It’s 5:02 a.m., and I just returned from a walk. For years, it was part of my early morning routine. But over the past couple years, I’d stopped these pre-dawn walks because they aren’t necessary.
Two years ago this week, we said goodbye to Sadie, our small, sand-colored “terrier-plus- something” rescue dog. We’d had her for more than a decade, and after a few tough initial days and weeks (nothing surprising when a new family member arrives, and a rescue to boot), she was exactly the dog we had hoped for: kind, quiet and friendly, and we loved having her around.
Most of the time, Joanie was her “go-to” human, but she accepted us all, and we had a lot of fun with her. While my position on Sadie’s popularity chain was much lower than Joanie’s or the kids’, the daily walk was our “thing,” whether it was pre-dawn, during a midday work break or after dinner. We had a couple versions of our basic route, but our favorite was just under a mile, and took us about 20 minutes (sniffing included).
Among other things, Sadie had cancer, and by the time we realized it, it was too late to do anything about it. Even if we had, the doctor said she wouldn’t have had much time anyway, and most of that time would be spent dealing with her illness. There was nothing to do in near the end than to be with her and love her up.
Sad is an understatement when talking about the final days with a pet so dear and so much a part of a family, and if you’ve lost a pet, you know the feeling.
Over the final two years of her life, Sadie progressively lost her sight, and with other issues we couldn’t put our fingers on, she started to slow down, and her routines and behavior became more erratic. We assumed much of it was caused by her blindness, but we don’t know. At any rate, late in her life, she’d often awaken as early as 3:00 or 3:30 a.m., wandering around the house, just loud enough to wake me up.
During those times, those final months, I figured the least I could do was take her for a walk, something she still enjoyed. So, there we’d be, just Sadie and me, two old dogs walking the neighborhood, an old, four-legged sightless insomniac and her seeing-eye human (with plenty of vision problems of his own), at a time when just about everyone else still had hours of sleep ahead of them.
Sometimes, I felt frustrated, getting up that early day after day, knowing if I didn’t, she’d likely have an accident somewhere in the house. But it was the least I could do for our little friend, our family member.
More than anything, it was heartbreaking to see how she had slowed down in that final year-and-a-half, first from losing her sight, then from other symptoms of aging and finally, from her illness. She wasn’t in pain we were told, but for humans – ones with appropriate levels of empathy anyway – we often found ourselves feeling bad for her because her life had become so limited.
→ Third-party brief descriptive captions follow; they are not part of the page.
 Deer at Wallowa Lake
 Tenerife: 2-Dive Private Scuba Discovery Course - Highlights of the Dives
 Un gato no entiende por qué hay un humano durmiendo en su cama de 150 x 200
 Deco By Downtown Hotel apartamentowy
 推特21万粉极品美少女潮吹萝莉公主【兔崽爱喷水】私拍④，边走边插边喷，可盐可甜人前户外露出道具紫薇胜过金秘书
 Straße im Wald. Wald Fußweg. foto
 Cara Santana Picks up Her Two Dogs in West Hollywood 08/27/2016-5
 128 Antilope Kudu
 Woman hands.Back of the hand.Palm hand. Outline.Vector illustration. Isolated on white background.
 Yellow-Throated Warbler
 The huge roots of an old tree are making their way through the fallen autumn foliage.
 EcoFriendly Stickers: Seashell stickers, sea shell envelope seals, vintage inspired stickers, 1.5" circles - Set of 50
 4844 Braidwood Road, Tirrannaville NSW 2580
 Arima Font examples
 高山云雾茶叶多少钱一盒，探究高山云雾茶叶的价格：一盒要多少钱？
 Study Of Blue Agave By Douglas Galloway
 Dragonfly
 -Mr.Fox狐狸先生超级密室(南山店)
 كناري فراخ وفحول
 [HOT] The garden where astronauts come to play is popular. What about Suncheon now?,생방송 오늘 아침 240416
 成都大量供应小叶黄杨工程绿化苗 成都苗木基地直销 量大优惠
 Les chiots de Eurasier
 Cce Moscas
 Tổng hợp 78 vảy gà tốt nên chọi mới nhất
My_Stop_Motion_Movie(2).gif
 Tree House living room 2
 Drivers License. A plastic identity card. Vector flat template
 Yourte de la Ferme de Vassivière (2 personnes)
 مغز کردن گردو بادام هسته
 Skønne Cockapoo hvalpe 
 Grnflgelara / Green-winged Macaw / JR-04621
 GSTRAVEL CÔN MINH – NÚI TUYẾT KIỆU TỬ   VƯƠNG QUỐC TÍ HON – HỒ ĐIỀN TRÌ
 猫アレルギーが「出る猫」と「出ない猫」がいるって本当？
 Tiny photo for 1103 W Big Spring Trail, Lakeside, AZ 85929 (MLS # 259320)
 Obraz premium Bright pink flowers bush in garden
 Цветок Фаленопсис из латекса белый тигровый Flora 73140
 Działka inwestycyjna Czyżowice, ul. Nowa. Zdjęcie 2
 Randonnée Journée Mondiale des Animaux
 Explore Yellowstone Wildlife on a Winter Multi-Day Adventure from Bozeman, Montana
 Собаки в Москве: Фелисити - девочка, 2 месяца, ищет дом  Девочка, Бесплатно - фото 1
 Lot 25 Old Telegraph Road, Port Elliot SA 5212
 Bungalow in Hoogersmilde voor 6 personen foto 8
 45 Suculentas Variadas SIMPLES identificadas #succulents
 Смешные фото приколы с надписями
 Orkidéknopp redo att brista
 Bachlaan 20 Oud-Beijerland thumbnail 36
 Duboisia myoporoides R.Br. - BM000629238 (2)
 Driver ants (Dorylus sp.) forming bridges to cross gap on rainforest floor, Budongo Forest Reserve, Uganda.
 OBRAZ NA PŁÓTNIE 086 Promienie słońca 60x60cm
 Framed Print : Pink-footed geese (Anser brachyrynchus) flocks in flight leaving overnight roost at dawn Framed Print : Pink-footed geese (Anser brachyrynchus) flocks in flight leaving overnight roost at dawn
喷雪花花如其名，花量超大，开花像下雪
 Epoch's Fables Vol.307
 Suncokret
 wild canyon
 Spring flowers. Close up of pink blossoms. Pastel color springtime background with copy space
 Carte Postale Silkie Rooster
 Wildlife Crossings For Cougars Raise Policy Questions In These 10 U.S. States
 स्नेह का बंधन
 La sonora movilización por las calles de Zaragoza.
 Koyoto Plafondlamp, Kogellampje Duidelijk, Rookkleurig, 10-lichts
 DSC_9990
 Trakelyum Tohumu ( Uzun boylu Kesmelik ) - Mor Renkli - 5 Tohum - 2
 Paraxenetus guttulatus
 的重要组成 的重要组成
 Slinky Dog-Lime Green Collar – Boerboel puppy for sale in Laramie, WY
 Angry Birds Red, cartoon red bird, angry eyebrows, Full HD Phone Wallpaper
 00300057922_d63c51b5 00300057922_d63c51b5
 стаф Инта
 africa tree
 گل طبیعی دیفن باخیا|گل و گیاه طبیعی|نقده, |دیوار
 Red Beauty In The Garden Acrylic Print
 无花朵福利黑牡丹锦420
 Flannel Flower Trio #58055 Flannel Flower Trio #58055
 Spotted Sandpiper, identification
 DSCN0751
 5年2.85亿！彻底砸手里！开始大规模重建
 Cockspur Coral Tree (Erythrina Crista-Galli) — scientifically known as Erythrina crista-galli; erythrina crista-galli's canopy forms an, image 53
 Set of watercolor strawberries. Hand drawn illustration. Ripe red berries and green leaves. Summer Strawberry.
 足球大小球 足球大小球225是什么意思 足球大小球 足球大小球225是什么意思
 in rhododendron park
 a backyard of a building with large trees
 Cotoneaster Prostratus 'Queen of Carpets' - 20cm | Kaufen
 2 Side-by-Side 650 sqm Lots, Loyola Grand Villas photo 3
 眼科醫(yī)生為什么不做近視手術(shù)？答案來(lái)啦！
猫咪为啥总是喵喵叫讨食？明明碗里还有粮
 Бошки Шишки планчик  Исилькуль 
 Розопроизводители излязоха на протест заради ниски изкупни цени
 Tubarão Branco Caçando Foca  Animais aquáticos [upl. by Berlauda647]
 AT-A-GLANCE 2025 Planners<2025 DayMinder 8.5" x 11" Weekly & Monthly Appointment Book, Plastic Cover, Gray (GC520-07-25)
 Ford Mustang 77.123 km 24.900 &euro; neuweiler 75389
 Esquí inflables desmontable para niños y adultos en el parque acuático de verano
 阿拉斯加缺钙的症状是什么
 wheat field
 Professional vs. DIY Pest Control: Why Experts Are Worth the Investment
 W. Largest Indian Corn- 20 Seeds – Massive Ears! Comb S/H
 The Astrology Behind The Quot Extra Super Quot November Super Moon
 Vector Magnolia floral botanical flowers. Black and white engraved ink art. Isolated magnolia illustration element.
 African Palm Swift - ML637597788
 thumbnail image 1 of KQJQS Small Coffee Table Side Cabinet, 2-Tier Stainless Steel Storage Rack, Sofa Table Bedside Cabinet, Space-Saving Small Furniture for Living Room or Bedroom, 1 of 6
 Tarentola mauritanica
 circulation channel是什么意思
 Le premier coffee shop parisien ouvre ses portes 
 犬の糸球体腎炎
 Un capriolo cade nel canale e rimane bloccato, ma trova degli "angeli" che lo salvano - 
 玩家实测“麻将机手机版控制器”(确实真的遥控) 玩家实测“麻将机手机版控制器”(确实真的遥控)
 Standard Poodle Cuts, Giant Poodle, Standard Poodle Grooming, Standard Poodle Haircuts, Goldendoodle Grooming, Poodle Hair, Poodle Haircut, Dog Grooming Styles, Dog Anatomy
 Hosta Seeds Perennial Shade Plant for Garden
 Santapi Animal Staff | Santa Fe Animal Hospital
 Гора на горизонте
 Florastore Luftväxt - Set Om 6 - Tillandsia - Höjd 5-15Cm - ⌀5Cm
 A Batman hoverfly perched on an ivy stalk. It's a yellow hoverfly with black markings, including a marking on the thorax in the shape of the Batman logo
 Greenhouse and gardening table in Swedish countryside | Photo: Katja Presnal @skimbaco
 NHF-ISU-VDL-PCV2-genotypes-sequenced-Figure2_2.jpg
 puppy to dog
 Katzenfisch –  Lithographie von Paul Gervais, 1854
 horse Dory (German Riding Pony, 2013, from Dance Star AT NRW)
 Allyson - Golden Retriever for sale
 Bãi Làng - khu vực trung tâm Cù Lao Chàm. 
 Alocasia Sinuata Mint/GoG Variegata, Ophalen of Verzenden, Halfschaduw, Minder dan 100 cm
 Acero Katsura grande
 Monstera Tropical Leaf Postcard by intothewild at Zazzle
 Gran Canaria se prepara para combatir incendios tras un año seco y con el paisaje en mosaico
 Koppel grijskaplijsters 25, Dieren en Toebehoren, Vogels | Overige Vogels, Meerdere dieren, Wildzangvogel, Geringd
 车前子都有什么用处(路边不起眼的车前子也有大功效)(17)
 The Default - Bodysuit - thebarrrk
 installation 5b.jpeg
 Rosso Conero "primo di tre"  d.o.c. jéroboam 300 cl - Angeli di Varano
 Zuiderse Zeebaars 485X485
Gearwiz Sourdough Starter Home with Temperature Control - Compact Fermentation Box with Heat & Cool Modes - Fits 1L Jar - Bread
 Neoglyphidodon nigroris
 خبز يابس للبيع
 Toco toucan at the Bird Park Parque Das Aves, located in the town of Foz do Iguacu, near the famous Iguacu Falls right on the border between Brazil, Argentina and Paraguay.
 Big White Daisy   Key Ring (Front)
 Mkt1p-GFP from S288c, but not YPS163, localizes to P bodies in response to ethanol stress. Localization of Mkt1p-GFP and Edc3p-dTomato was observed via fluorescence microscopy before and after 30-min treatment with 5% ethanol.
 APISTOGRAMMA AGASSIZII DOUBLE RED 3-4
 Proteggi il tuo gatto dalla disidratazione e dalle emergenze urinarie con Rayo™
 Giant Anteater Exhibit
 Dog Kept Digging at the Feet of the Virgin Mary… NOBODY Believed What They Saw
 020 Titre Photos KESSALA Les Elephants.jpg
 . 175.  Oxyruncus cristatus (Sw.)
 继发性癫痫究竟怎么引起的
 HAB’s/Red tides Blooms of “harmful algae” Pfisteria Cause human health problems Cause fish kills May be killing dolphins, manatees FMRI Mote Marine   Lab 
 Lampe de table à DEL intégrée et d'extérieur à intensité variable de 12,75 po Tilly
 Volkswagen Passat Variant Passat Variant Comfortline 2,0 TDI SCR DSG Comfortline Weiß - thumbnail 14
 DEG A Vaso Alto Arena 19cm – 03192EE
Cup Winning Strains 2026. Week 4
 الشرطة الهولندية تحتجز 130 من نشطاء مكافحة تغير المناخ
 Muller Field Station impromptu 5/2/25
After Sadie left us, we eventually moved through the crushing grief and endured countless times people asked, “Are you going to get another dog?” (We’re not, but if we change our minds, we’ll let you know). And after a time, we settled into our new “old” life, one without a dog … but not just without a “dog,” but without Sadie. (By the way, I’m writing this through a blur of tears.)
A few weeks ago, I mysteriously woke up around 3:00 a.m., early even for me (an extreme morning person). After rolling over several times to get comfortable in an effort to squeeze out another hour or 90 minutes of sleep, Sadie popped into my head because that’s about the time she’d be roaming the house “back in the day.”
Without any further thought, I got out of bed, got dressed and checked the weather. It was a cold morning – in the mid-30s – so I threw on a jacket and headed out the door. It had been almost two years since I’d done this, walked this route at this time of day, and it was the first time I’d flown solo.
I walked slowly, just like Sadie and I always did, even stopping occasionally as though I was letting her sniff the base of a tree or an interesting weed on someone’s lawn. At about the midpoint, I started to cry (of course I did), and at that moment, I realized I needed to re-establish my morning walks with Sadie.
So, I did, and now, most mornings, when I arise (not at 3:00 or 3:30 a.m., but still pre-dawn), I stroll along our old route. It feels good because it gets my mind moving, pumps blood throughout my body and puts the outdoor air in my lungs.
That route, the daily walk (short and sweet, just like Sadie), is just one of the many gifts that little sand-colored rescue gave us, and for that, I’m grateful. And I truly believe that my entire family – Joanie, Kate, Will and myself – are all better, kinder, more compassionate people because she was part of our family for all those years.
And every day I walk that route in memory of Sadie, I thank her for that.